Citibank Russia
- Native name: Ситибанк
- Company type: Joint Stock Company
- Industry: Banking, financial services
- Founded: 1993; 32 years ago
- Headquarters: Moscow, Russia
- Area served: Russia
- Products: Consumer banking, corporate banking, finance, investment banking, private banking, savings, securities, wealth management, credit cards
- Revenue: 41,953,600,000 Russian ruble (2017)
- Operating income: 36,3 billion rubles (2020)
- Net income: 9.3 billion rubles (2020)
- Total assets: 681.8 billion rubles (2020)
- Number of employees: ~3000 (2020)
- Parent: Citigroup
- Website: http://www.citibank.ru

= Citibank Russia =

Citibank Russia (Ситибанк) is a Russian commercial bank, which is part of the financial corporation Citigroup.

== Recent announcements on reducing operations in Russia ==
In April 2021, Citi announced its plan to exit Russia consumer banking as part of its global strategic refresh to exit consumer franchises in 14 markets. In March 2022, Citi decided to expand the scope of thе exit of the consumer banking in Russia by including Commercial Banking business in Russia.

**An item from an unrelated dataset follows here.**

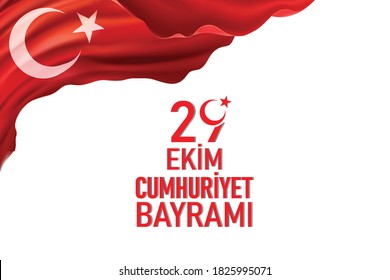29 Ekim Cumhuriyet Bayrami kutlu olsun, Republic Day in Turkey. Translation: Happy 29 October Turkey Republic Day. Vector illustration, poster, celebration card, graphic, post and story design.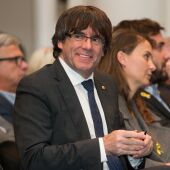 Puigdemont en el acto celebrado por 200 alcaldes independentistas en Bruselas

On August 25, 2022, Citi announced that as part of its continued efforts to reduce its operations and exposure in Russia, it will wind down its consumer banking and local commercial banking operations in the country.

On October 28, 2022, Citi also announced that AO Citibank agreed to sell a portfolio of ruble-denominated personal installment loans to Uralsib, a Russian commercial bank. Citi also agreed to transfer to Uralsib a portfolio of ruble-denominated credit card balances, subject to customer consents. On December 12, 2022, the rights of the consumer loans of AO Citibank were transferred to Uralsib.

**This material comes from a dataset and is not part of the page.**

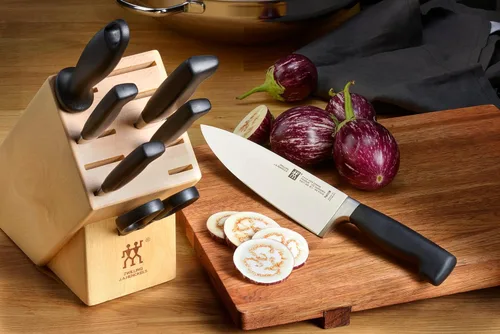 Miniatura 6 de ZWILLING Four Star Anniversary - Juego de bloques de cuchillos de 8 piezas Abedul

On October 14, 2022, Citi announced that it would be discontinuing nearly all the institutional banking services offered in Russia by the end of March 2023. After that Citi’s only operations in Russia will be those necessary to fulfill its remaining legal and regulatory obligations.

In May 2023, Citi confirmed that it agreed to transfer a portfolio of ruble-denominated credit card balances to Uralsib, subject to customer consents and in compliance with local laws and regulations. This follows Citi’s sale of its Russian consumer personal installment loans to Uralsib in October, and its announcement that its only remaining operations in Russia are those necessary to fulfil its legal and regulatory requirements.

From September 20, 2024, Citibank Russia will stop servicing debit cards. Transfers via the fast payment system and payment via QR code will also become unavailable.

In December 2025, the Russian government has authorised Citigroup to sell its Russian banking unit.